Habitat destruction degree, area size of the local community, SAD, and SAAD models jointly play deterministic roles affecting the delayed changes in local diversity and community structure. In particular, shifting SAAD and extreme species distribution can generate new patterns (Fig. 3 and Supplementary Fig. S1). For example, under extreme aggregation condition (k = 0.001), there is no net change in the fraction of unique species (Supplementary Fig. S1G,H). The key fact is that the fraction of unique species computed for a pair of local communities under maximal aggregation condition is one, regardless of regional SADs and habitat destruction degree used (see the proof of Theorem 2 in the Supplementary Information). Thus, these results imply that under extreme aggregation condition, each local community would be predicted to have completely different species composition (and all of them are endemic) with respect to any other communities.

It is worth mentioning that zero change on the fraction of unique species does not merely occur in the extreme aggregation condition.

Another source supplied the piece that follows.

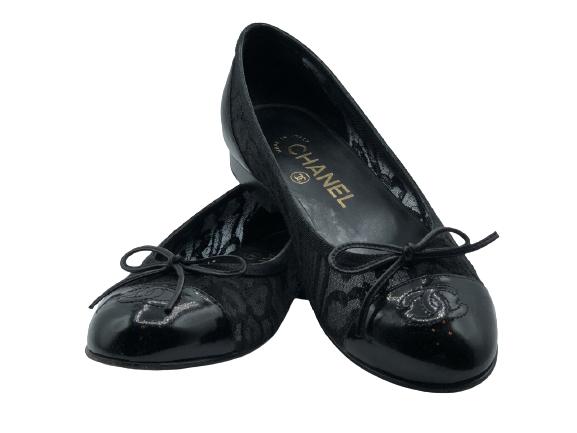 CHANEL LOGO BLACK PATENT  BALLET FLATS SIZE 36.5 (1 of 3)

Actually, when species distribution is very random, the fraction of unique species in the single-parameter logseries SAD model is also unchanged, regardless of habitat loss degree (Fig. 2H). The reason is greatly due to the extreme right-skewed curve shape of the logseries SAD model (thus predicting rare species everywhere) and the asymptotic binomial distribution pattern of species when k is large (see the proof of Theorem 3 in the Supplementary Information). Finally, in the proof of Theorem 3, it can be seen that the change on the fraction of unique species is not related to the area size of the lost habitat after some algebra. This well explains why the zero net change occurs as long as species distribution is random.

In conclusion, the present study has theoretically discovered very diverse and interesting post-destruction responses of species diversity and community structure, which can match and explain a variety of empirical observations (Table 1). We have shown that there are area- and distribution-dependent transitions between extinction debts and immigration credits. Endemic species increase in the local community after habitat loss in many situations (Fig. 2C,D and Supplementary Fig. S1C,D). The fraction of unique species may increase, decrease, or remain unchanged depending on multiple factors, including the SAD model used, the area size of the local community, habitat destruction, and species distribution pattern (Figs 2G,H and 3G,H and Supplementary Fig. S1G,H). There is no change in the fraction of unique species number in extremely aggregate distribution situation (k → 0), regardless of regional SAD models used (Supplementary Fig. S1G,H).

For future implications, the succeeding steps are to further verify these diverse theoretical patterns predicted by the proposed framework at local-scale field experiments. Moreover, because there have been some empirical studies reporting the evidence of extinction debts6, 31, data collected from previous studies (if available) might be re-used to examine the possible alteration of community structure and change in the fraction of unique species after habitat loss. In addition, there are many other intriguing areas open for future research. For example, if observational data from the fields are available, it will be interesting to verify whether the fitted SAD models before and after habitat loss would have the same parametric form. It is also interesting to experimentally test the alteration in species distribution after habitat loss and its influence on the local community structure.